#### [What the exercise asks]
Using the entries that follow, write out the line containing "Jollein                    Chancelière pour", the line containing "2170 E Labo Road Ash Township MI 48117", and every line between them, exactly and nothing else.

#### [Provided data]

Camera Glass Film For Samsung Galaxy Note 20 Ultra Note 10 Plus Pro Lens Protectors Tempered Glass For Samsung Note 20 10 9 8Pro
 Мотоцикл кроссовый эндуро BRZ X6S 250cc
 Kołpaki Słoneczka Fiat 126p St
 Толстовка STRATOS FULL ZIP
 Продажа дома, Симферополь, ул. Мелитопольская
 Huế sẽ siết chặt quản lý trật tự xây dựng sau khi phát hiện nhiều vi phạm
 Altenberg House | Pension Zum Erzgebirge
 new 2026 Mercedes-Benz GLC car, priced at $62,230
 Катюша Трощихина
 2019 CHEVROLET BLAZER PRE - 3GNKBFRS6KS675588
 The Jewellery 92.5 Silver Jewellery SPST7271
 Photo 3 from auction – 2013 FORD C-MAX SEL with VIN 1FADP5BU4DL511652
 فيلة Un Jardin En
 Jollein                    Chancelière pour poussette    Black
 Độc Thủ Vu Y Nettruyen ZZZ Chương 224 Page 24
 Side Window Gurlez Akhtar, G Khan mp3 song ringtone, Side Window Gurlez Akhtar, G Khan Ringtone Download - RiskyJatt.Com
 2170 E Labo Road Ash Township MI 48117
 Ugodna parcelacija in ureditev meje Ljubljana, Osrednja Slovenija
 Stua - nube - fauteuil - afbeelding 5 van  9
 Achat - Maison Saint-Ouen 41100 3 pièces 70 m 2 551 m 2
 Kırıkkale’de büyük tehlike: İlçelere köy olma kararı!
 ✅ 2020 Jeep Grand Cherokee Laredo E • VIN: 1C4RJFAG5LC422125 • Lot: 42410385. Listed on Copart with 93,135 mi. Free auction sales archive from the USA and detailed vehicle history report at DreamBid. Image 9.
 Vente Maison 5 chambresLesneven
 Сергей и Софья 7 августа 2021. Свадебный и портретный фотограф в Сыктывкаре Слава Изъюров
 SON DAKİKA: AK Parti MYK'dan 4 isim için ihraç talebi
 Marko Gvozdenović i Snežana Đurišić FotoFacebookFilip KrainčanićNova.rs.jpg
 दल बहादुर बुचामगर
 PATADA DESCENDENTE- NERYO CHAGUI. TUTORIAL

#### [Answer to the problem]
 Jollein                    Chancelière pour poussette    Black
 Độc Thủ Vu Y Nettruyen ZZZ Chương 224 Page 24
 Side Window Gurlez Akhtar, G Khan mp3 song ringtone, Side Window Gurlez Akhtar, G Khan Ringtone Download - RiskyJatt.Com
 2170 E Labo Road Ash Township MI 48117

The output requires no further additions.